Do you speak on these politics on your album?

Not politics in an overt way – like who to vote for. That’s not my job. My job is to say ‘if it ain’t good for poor and oppressed people, then it probably ain’t good for me.’ My job is to say ‘I feel that this is an injustice to me.’ And do it in a way so that it’s not preaching. I just want to help stimulate thought.

What do you say to criticism that some Hip-Hop glorifies, say, selling crack? It’s excused as ‘well, I’m just telling the reality.’ Street level dealers talking about ‘I’m cool because I moved bricks.’

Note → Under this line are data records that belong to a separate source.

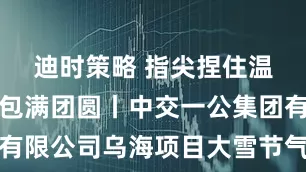 迪时策略 指尖捏住温暖，饺子包满团圆丨中交一公集团有限公司乌海项目大雪节气包饺子活动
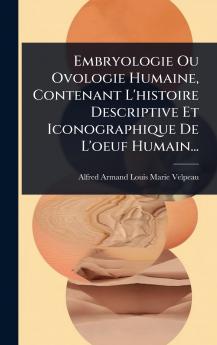 Embryologie Ou Ovologie Humaine Contenant L'histoire Descriptive Et Iconographique De L'oeuf Humain...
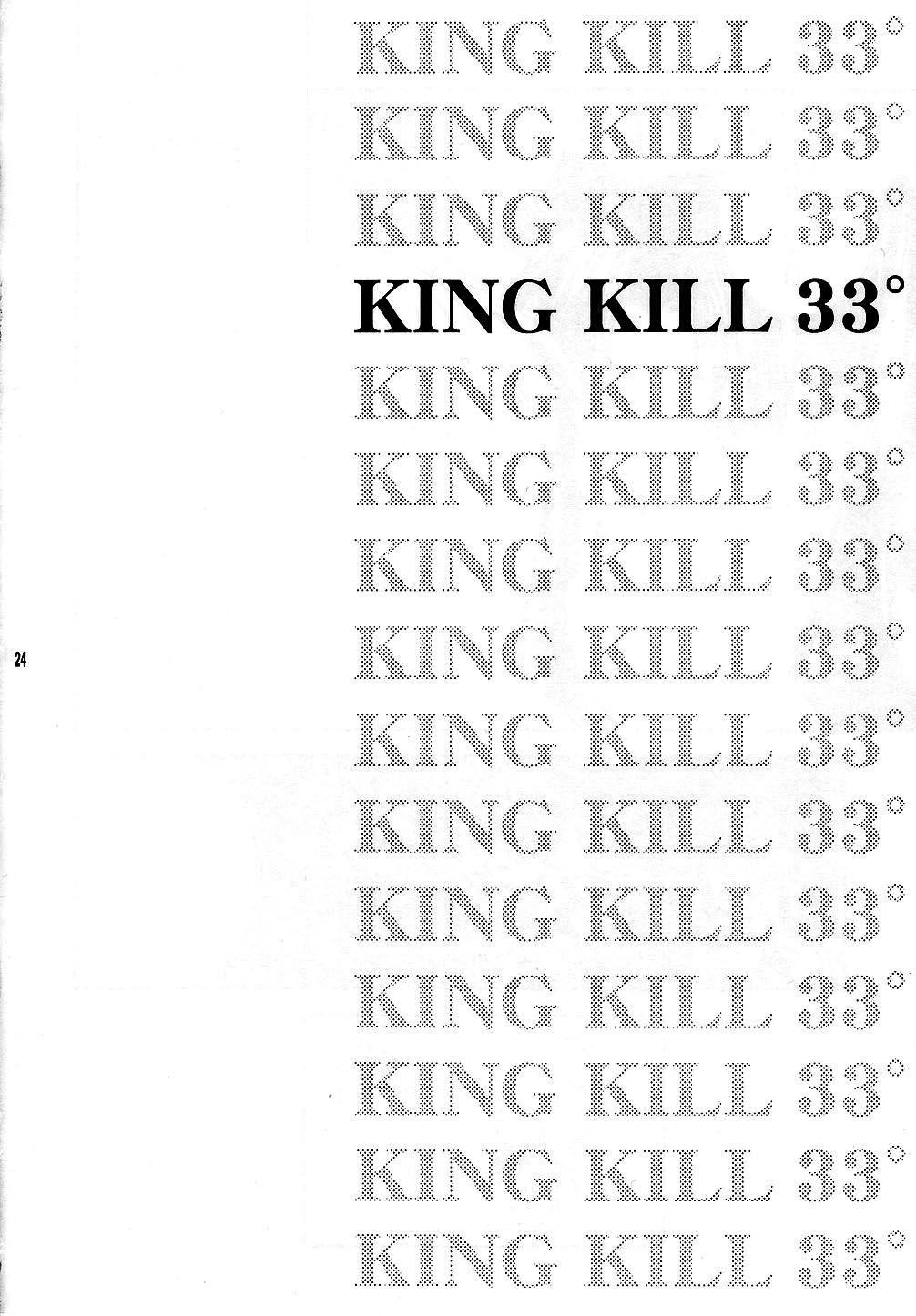 KING KILL 33 22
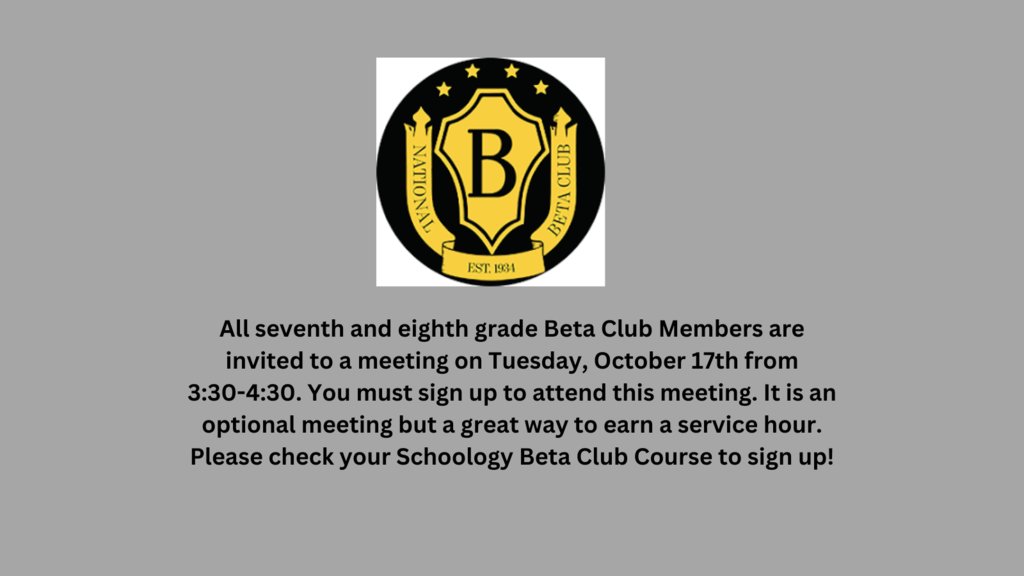Beta Club on October 17!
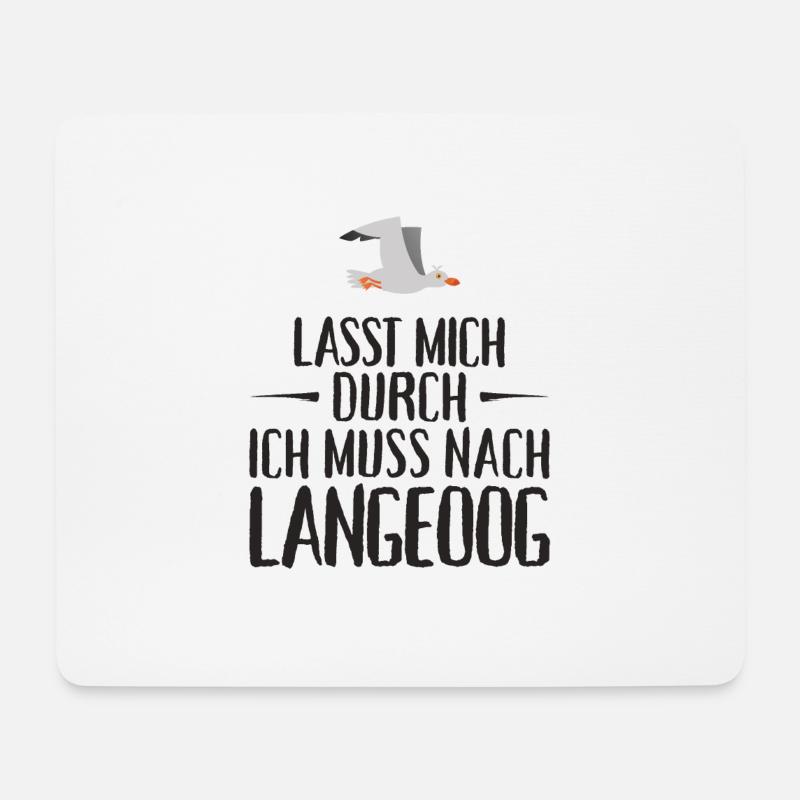 Lasst mich durch ich muss nach Langeoog Möwe - Mousepad (Querformat) - Weiß
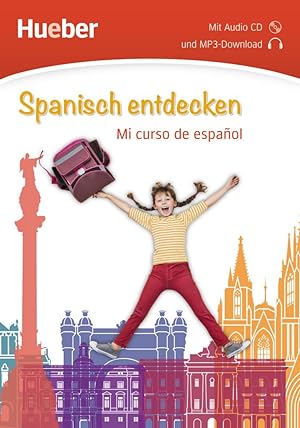 Bild des Verkufers fr Spanisch entdecken. Mi curso de espaol. Buch mit Audio-CD zum Verkauf von moluna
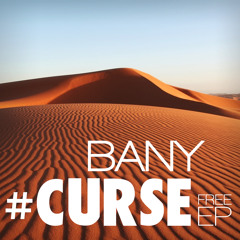 Bany - #CURSE (Original mix) [FREE DOWNLOAD - LINKS IN DESCRIPTION]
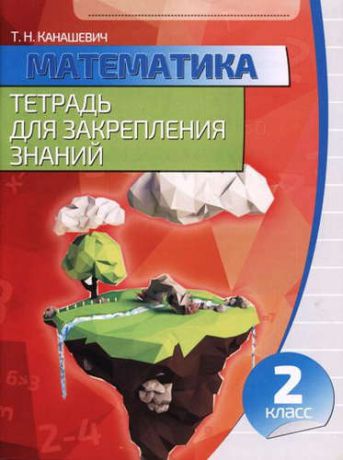 Канашевич Т.Н. Математика 2 класс.Тетрадь для закрепления знаний (2-е изд)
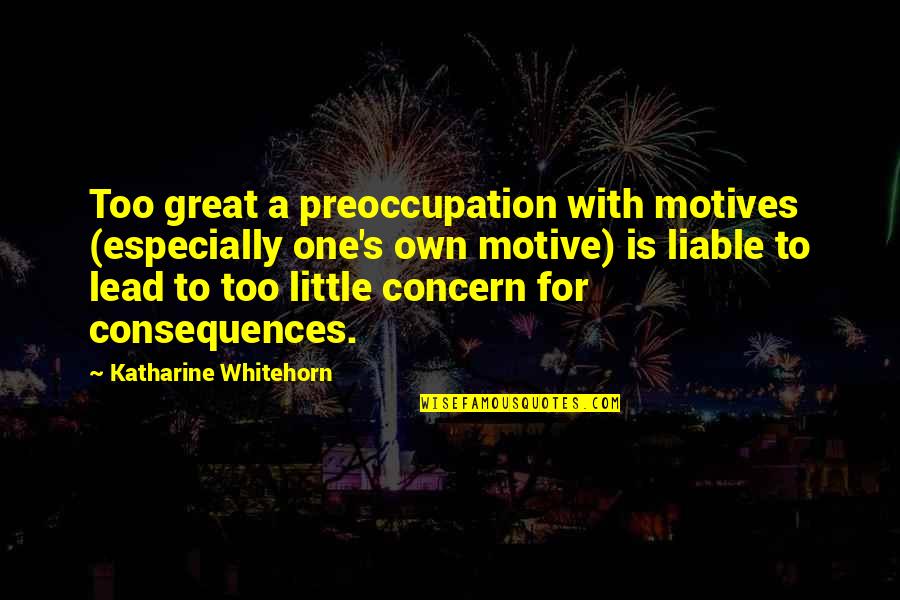 Lannisport Quotes By Katharine Whitehorn: Too great a preoccupation with motives (especially one's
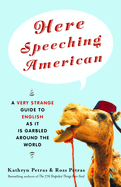 Here Speeching American: A Very Strange Guide to English as It Is Garbled Around the World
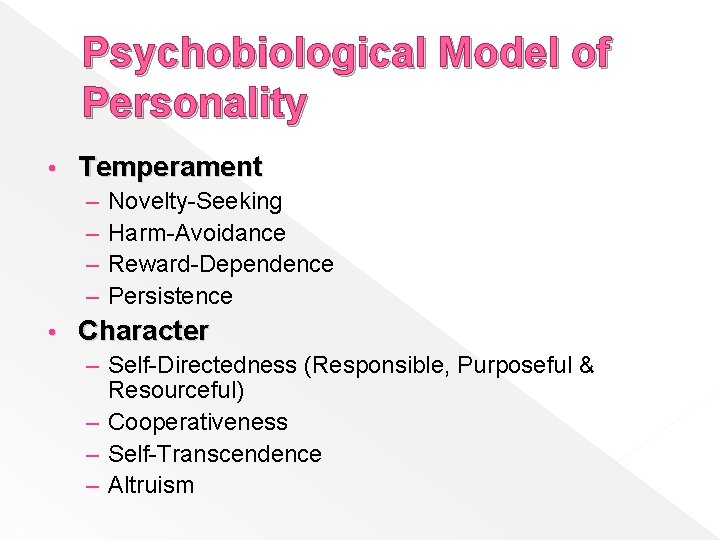 Psychobiological Model of Personality • Temperament – – • Novelty-Seeking Harm-Avoidance Reward-Dependence Persistence Character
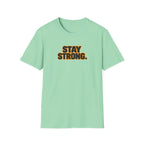 Stay Strong T-Shirt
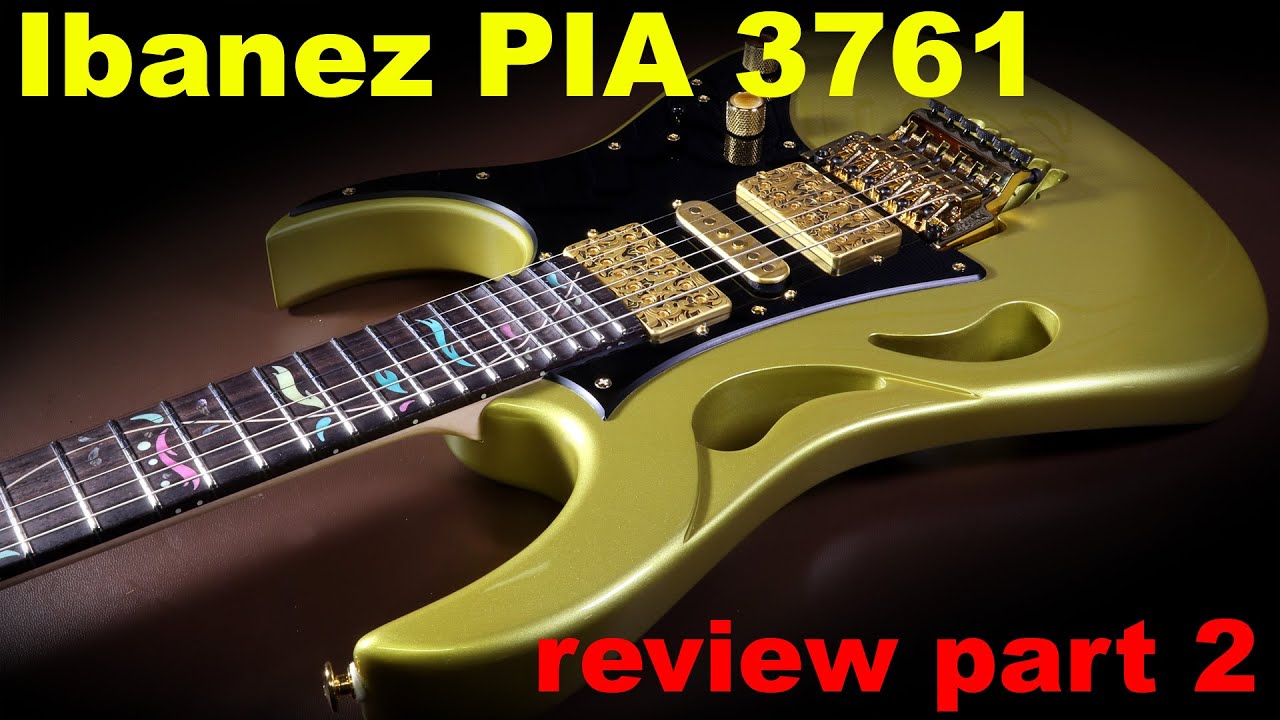 Обзор Ibanez PIA, часть 2, на что следует обратить внимание при выборе Ibanez PIA3761 (SDG)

I try very hard to keep shit on my albums as real as possible. And real, not in a cliché way…but like, man, my mother suffers from addiction. My mother. I don’t know crack because I met a fucking Columbian and he fronted me a hundred ki’s. I know crack because my mother smoked crack. And I lived for a short time in a house with her and said ‘whoa, I should maybe sell this to her fucking friends and get money.’ That’s how most street level dealers get introduced to crack. It ain’t through a connect. On “Monster”, when I say 'doped up on Ritalin by age ten, by sixteen a fiend with a bottle and a weed habit', I’m just letting you know, you set me up to be a junkie. You introduced me to drugs, putting me on Ritalin. You introduced me to drugs, smoking weed in front of me when I was five. I definitely don’t agree with glorifying everything, but, at the end of the day, it’s art – you going to put a little candy on it, you gonna make it look new and shiny. Look what’s glorified in the media. Look what’s glorified in movies. The way you win in America is ‘fight, fight, fight.’ Why wouldn't the most oppressed people take that and go all the way left?

We’re talking about this at a time when we’ve got war; we’ve got snipers. America has a culture of violence.

That’s what we know – especially in the South. Fuck all those clichés about ‘everybody’s cool, everybody knows everybody.’ Niggas in the South is cool because everybody know pretty much everybody else got guns. At the end of the day, I got guns. I don’t have a gun, I got guns. In my house. Guns. I got Macs, I got four-fifths – and they legal. I can just wake up and go buy a gun. So I don’t really want to go and get in a road-rage situation with anybody else in the South – ‘cause nine times out of ten, he’s got guns. That’s why it’s some cool shit.